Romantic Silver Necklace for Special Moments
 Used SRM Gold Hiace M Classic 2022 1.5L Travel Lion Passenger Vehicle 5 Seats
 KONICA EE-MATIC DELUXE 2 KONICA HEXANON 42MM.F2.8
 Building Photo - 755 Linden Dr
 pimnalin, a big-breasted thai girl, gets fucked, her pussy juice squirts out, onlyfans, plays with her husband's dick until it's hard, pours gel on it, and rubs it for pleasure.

> What you need to do
All entries must be repeated verbatim.

> Output
Romantic Silver Necklace for Special Moments
 Used SRM Gold Hiace M Classic 2022 1.5L Travel Lion Passenger Vehicle 5 Seats
 KONICA EE-MATIC DELUXE 2 KONICA HEXANON 42MM.F2.8
 Building Photo - 755 Linden Dr
 pimnalin, a big-breasted thai girl, gets fucked, her pussy juice squirts out, onlyfans, plays with her husband's dick until it's hard, pours gel on it, and rubs it for pleasure.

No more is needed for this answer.